If a student ranks 90th in his class—even if he comes from a competitive, high-achieving district like West Chester—it pulls him down in an evaluation, Branch told ASCD. "Rank can make a top-flight kid, with an A average and who's challenged himself with all sorts of honors and AP classes, look middle of the road to admissions counselors."
It's kind of like the movie Inception, Branch says. "Rank puts this idea in your head that somebody may not be as strong as they really are."

Gaming the System

Since that school board meeting in November 2016, West Chester has eliminated the practice of ranking students. It is among a growing number of districts to do so, following in the footsteps of elite private schools who have either dropped rank or never tracked it.
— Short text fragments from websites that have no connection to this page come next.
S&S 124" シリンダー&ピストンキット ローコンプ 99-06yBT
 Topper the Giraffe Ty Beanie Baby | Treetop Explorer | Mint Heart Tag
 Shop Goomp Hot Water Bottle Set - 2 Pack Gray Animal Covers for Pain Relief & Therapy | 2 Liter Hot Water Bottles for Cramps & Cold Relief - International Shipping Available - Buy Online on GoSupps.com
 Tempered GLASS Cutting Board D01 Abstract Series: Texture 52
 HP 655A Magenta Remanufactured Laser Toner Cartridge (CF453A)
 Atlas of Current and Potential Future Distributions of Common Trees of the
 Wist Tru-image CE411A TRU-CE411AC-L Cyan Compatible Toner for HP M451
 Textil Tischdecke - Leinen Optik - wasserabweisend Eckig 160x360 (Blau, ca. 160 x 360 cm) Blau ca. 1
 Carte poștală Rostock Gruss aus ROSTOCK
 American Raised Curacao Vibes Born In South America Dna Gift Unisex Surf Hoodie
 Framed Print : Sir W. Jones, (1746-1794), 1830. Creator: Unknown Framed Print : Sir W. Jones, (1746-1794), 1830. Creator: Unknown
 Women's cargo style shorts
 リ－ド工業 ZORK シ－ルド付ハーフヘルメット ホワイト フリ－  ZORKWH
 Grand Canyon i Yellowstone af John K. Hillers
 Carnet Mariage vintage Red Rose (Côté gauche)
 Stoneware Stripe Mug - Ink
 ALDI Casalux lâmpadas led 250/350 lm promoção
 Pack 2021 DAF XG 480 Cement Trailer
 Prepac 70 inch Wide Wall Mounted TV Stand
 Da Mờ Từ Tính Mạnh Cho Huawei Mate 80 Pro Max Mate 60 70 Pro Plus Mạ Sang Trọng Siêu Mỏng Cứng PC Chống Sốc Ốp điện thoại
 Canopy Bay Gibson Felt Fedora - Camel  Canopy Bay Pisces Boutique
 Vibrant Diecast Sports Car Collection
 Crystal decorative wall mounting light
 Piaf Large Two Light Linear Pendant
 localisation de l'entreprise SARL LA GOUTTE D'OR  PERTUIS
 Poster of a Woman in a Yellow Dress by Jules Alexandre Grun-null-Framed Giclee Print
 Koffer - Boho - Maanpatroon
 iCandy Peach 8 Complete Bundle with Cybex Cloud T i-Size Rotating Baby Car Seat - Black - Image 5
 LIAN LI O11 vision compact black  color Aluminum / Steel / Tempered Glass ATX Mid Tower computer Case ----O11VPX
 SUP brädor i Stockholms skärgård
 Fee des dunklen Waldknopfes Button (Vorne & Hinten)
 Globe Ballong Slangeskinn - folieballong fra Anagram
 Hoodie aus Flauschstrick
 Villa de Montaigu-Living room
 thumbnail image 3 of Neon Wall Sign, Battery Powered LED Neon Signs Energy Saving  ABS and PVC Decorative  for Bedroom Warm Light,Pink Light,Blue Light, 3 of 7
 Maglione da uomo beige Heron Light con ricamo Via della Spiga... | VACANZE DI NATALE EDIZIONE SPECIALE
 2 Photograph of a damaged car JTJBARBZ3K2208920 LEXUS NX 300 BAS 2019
According to a 2016 analysis from the National Association for College Admissions Counseling (NACAC), fewer than half of U.S. high schools still report class rank.
Grading expert Thomas Guskey, a professor of educational psychology at the University of Kentucky, has long argued that class rank is a practice designed to select talent, rather than develop talent. In his view, schools that strive to develop talent want as many students as possible to succeed, while schools that select talent set out to maximize differences among students. That can breed unhealthy competition, pitting students against one another for the top spot in the class—a distinction that can be determined by as little as "one hundred thousandth of a decimal point" in a weighted GPA.
When teachers handed back tests in West Chester, for instance, "within 30 seconds, every kid vying to be in the top 20 would've already figured out their average in the class—and everybody else's average," says Robert Sokolowski, the district's assistant superintendent. Some students, he recalls, were even being bullied in connection with their ranking. When report cards came out, the number-one ranked student received harassing text messages from her classmates, asking, "What are you taking next year?" and making comments like, "I'll be ahead of you!"
"The culture wasn't healthy for our students," he acknowledges.
In Millard Public Schools in Omaha, Nebraska, "students designed their educational program around class rank, not their interests," says associate superintendent Heather Phipps. They skipped out on travel and other educational opportunities to take unweighted courses over the summer (which added points to their GPAs)—and crammed in additional weighted AP and IB courses during the school year.
"This is a game," students candidly told Phipps. "And it's important you learn how to play the game if you want to be at the top."

You Are Not a Number

Districts often say their greatest concern about eliminating rank is the possibility that the change might affect college admissions. However, the metric is falling out of favor among admissions officers, according to the annual "State of College Admission" survey from NACAC. In 2006, 26 percent of college admissions officers said class rank was of "considerable importance" in admissions decisions. By 2014, that number dropped to just 14 percent. Almost half of admissions officers in the latest survey said class rank is of "limited" to "no importance."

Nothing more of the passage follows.